Scripts and Languages
I think all questions around Unicode are potentially politically sensitive and we should be making decisions about strings very carefully and with all interested parties in mind. I hope you already did all this internally at Apple, and you can enlighten me in my ignorance. I wonder what is the impact of switching from UTF-16 to UTF-8 for languages whose scripts didn't draw lucky cards and are not located at the beginning of the Basic Multilingual Plane. How are they impacted by the switch to variable length encoding that strongly favors ASCII and Latin scripts?
The UDHR in Unicode contains, in addition to the super useful table of Translations that lists the used scripts and language codes, a page with Aggregates. I think that for our testing goal would be pretty well covered by choosing the most used scripts from the first article in all the scripts. We just need to estimate the number of language speakers that use a given script — we can probably skip the most esoteric ones.
I thought it might be useful to start from the List of languages by total number of speakers in Wikipedia, which draws on data from Ethnologue. Before trimming this down, I've compiled a bigger set of 29 samples.
For fun, and to maintain coverage parity with existing StrigWalk
, I have even created this expressionistic translation of Article 1 into Emoji + math symbols:
|
|
(Shoutout to @codafi for indulging my procrastinations about emoji and math notation.)
See the gist of the corpus prototype.
What's the performance impact of switching from UTF-16 to UTF-8, on string processing algorithms for languages written various scripts? Hard to say until we do proper benchmarking. I leave here the number of elements in .characters
, .unicodeScalars
, .utf-8
and .utf16
views.

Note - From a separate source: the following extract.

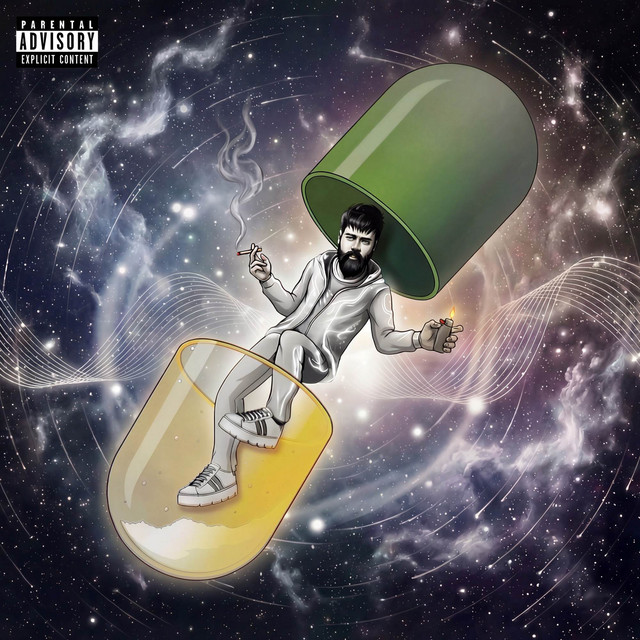 undefined album image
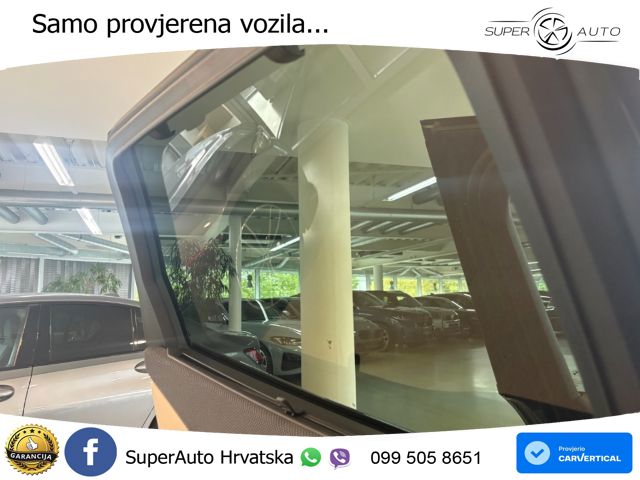 BMW X3 30e xDrive Steptronic M Sport LED+GR SJED+ACC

Given the amount of infomation int the text is the same, the utf8 count is the number of bytes this information get's represented as a combination of the language, script's unicode mapping and utf-8 encoding.

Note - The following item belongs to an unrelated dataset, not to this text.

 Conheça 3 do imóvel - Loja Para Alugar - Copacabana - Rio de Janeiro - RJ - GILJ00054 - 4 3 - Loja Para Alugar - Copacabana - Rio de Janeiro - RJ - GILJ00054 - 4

Element Counts and Encoded Size
lang | char | scal | utf16 | utf8 | UTF-16 (B) | UTF-8 (B) | 𝚫 | 𝚫% |
---|---|---|---|---|---|---|---|---|
eng | 170 | 170 | 170 | 170 | 340 | 170 | -170 | -50 % |
cmn | 43 | 43 | 43 | 125 | 86 | 125 | 39 | 45 % |
hin | 130 | 189 | 189 | 499 | 378 | 499 | 121 | 32 % |
spa | 171 | 171 | 171 | 173 | 342 | 173 | -169 | -49 % |
arb | 112 | 116 | 116 | 212 | 232 | 212 | -20 | -9 % |
fra | 186 | 186 | 186 | 191 | 372 | 191 | -181 | -49 % |
zlm | 200 | 200 | 200 | 200 | 400 | 200 | -200 | -50 % |
rus | 160 | 160 | 160 | 293 | 320 | 293 | -27 | -8 % |
ben | 118 | 168 | 168 | 452 | 336 | 452 | 116 | 35 % |
por | 174 | 174 | 174 | 180 | 348 | 180 | -168 | -48 % |
urd | 161 | 161 | 161 | 289 | 322 | 289 | -33 | -10 % |
deu | 164 | 164 | 164 | 166 | 328 | 166 | -162 | -49 % |
jpn | 85 | 85 | 85 | 255 | 170 | 255 | 85 | 50 % |
pnb | 194 | 194 | 194 | 344 | 388 | 344 | -44 | -11 % |
pan | 155 | 224 | 224 | 578 | 448 | 578 | 130 | 29 % |
pes | 146 | 146 | 146 | 261 | 292 | 261 | -31 | -11 % |
swh | 120 | 120 | 120 | 120 | 240 | 120 | -120 | -50 % |
jav | 89 | 151 | 151 | 453 | 302 | 453 | 151 | 50 % |
tel | 100 | 154 | 154 | 432 | 308 | 432 | 124 | 40 % |
tur | 160 | 160 | 160 | 171 | 320 | 171 | -149 | -47 % |
kor | 87 | 87 | 87 | 219 | 174 | 219 | 45 | 26 % |
mar | 127 | 189 | 189 | 509 | 378 | 509 | 131 | 35 % |
tam | 157 | 238 | 238 | 664 | 476 | 664 | 188 | 39 % |
vie | 183 | 215 | 215 | 279 | 430 | 279 | -151 | -35 % |
vieh | 45 | 45 | 52 | 142 | 104 | 142 | 38 | 37 % |
ita | 178 | 178 | 178 | 179 | 356 | 179 | -177 | -50 % |
hau | 222 | 222 | 222 | 229 | 444 | 229 | -215 | -48 % |
tha | 115 | 144 | 144 | 424 | 288 | 424 | 136 | 47 % |
emo | 55 | 56 | 76 | 130 | 152 | 130 | -22 | -14 % |
Does this approach make sense, of are we already covered elsewhere?